- Born: April 30, 1974 (age 52) Korea
- Relatives: Sunny Han (twin sister)
- Conviction: Guilty
- Criminal charge: Conspiracy to commit murder First-degree burglary False imprisonment by violence (2 counts) Second-degree burglary Possession of firearm by a convicted felon
- Penalty: Life imprisonment with the possibility of parole after 26 years

= Han twins murder plot =

1996 criminal case in the United States

The Han twins murder plot was a case of attempted murder of Sunny Han by her identical twin sister Jeena "Jeen" Han, occurring on November 6, 1996, in Irvine, California. Both are Korean-born American citizens.
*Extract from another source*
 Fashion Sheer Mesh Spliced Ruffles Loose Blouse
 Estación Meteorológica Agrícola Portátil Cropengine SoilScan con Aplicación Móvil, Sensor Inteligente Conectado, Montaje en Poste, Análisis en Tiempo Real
Jeena Han recruited two teenage youths to capture her sister at home, but the plot went awry and the two were quickly taken into custody by local police. The jury reached their verdict as to each defendant on November 20, 1997, after ten hours' deliberation. Jeena Han was convicted of all charges including one count of conspiracy to commit murder, two counts of burglary (one in the first and another in the second degree), two counts of false imprisonment, and one count of a convicted felon in possession of a firearm. The jury also found that Jeena Han was armed with a firearm during the commission of each offense.

Jeena Han was imprisoned at the Central California Women's Facility in Chowchilla, California, in 1998 with a sentence of 26 years to life in prison. She was given an additional year because the jury found the firearm enhancement to be true. Twenty years later, in May 2018, she was granted parole by California's Board of Parole. Jeena received support from Sunny for parole.

==Aftermath==
In 1999, the case was featured in the book Evil Twins by John Glatt.

In November 1999, an American Justice documentary titled "Sister Against Sister: The Twin Murder Plot" aired on A&E, covering the sensational details of the case. The program was hosted by Bill Kurtis.

In 2001, the case was profiled on The Investigators under the title "Evil Twin".

In 2005, Snapped, a series about true crime on the Oxygen Network, ran an episode about Jeen's plot to kill her twin sister and take over her life.

In 2012, this story became the focus of the pilot episode of the Investigation Discovery show, "Evil Twins".

In 2024, the case was featured in Stephanie Soo's podcast Rotten Mango on Spotify, on June 2, 2024, and is titled "#363: Korean "Evil Twin" Tried to Kill "Perfect" Sister to Take Over Her Identity."